We have seen this before.
The 1919 flu epidemic which killed 50 million people probably started in poultry. The SARS scare of 2003 may have had its origin among masked palm civets, wild carnivores that are eaten in China and were being kept in large numbers in unsanitary conditions in food markets. The bird flu or avian flu virus, H5N1, is a source of serious worry to public health officials worldwide, because of its potential for mutating in domestic poultry populations and then jumping into the human population. Massive research and bird vaccination efforts have been mounted all over the world to stave off this potential disaster.
Inadequate public health systems
Another issue that the current outbreak raises is the inadequacy of public health systems in poorer countries.
In Mexico, there are already criticisms of the speed with which the government responded. Evidently the Mexican ministry of health had to send its samples to a Canadian laboratory for analysis, which took an extra week. It boggles the mind to think of what epidemics could come out of countries that have even more ramshackle public health systems and even worse living conditions.
But we in the United States are in no position to gloat.
The Centers for Disease Control did not realize the danger until six days after Mexico began to take emergency measures. If an outbreak on the scale of the one in Mexico happens here, how will we cope? Millions of people in the United States have no health insurance and are likely to delay seeking health care when they feel sick, simply because even a short stay in the hospital may mean financial ruin.
And if everybody who got sick in such an epidemic were to seek medical attention, would there be enough doctors, nurses, clinics, hospitals and medications to go around? Moreover, Republicans in Congress demanded and got the removal of $900 million for preventing epidemics from the recently passed stimulus package, considering it a sort of “pork” (ahem!). Many Democrats went along.
The foaming-at-the- mouth crowed on cable TV and talk radio immediately launched into massive diatribes against Mexico and Mexican people. Some of these comments have been gathered on the useful web site of “Media Matters for America," http://mediamatters .org.

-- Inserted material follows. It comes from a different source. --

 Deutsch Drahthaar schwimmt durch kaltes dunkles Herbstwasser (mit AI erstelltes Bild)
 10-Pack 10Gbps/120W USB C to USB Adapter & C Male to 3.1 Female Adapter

Right-wing columnist Michelle Malkin, for instance, was quick to blame the relatively small number of cases reported in the U.S. so far on “illegal immigration,” in spite of the fact that the cases in New York, which are most numerous so far, were found to have started with private school students returning from spring break in Cancun. Others called for a complete cutoff of immigration and trade with Mexico.

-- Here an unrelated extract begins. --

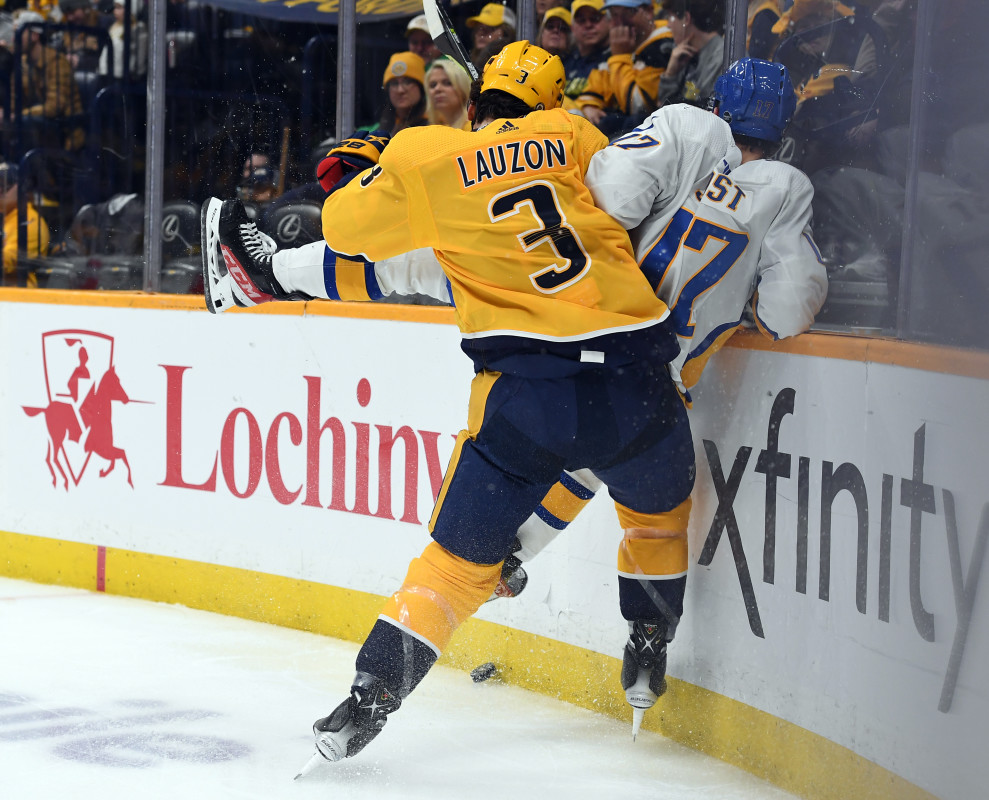 predators' lauzon sets nhl record for hits with massive final game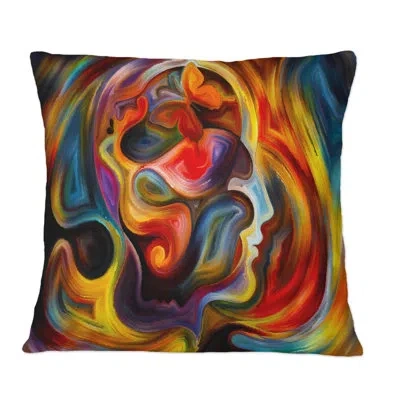 Design Art Face Emerging From Strokes Of Red And Yellow - Modern Printed Throw Pillow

Commenters on Internet articles on the flu outbreak have taken up the call, calling Mexicans cockroaches that should be exterminated by atomic bombs and even rejoicing at the deaths as being so many fewer “illegal aliens” who can now try to sneak into the United States and get on welfare. This increases the danger that psychologically unbalanced people will commit acts of violence against Latino people here.

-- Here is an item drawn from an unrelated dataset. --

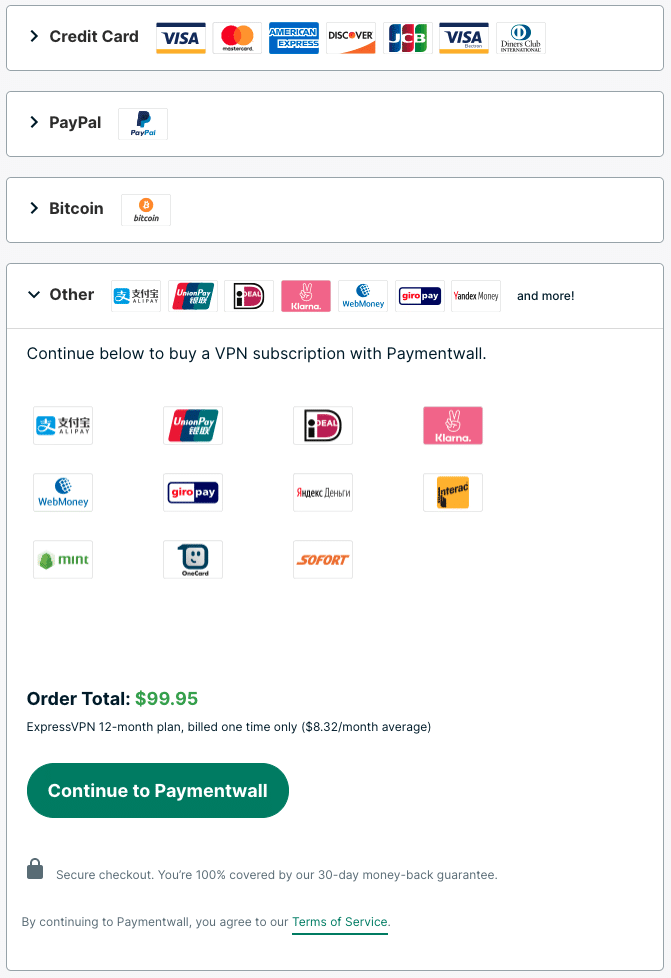 ExpressVPN payment methods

The solution lies in a global program for sustainable and safe food production that avoids the brutal corporate model, plus the building up of public health resources worldwide and especially in the developing countries.
Every country should have up-to-date facilities for detecting and stopping pathogens the moment they appear, a capacity now blocked by the extremes of wealth and poverty among the world’s nations. This is in the interest of the people of the U.S. and other developed countries, as the present alarm clearly shows.
However, it will be fought tooth and nail by the corporate monopolies in food production, pharmaceuticals, etc., and their political flunkies.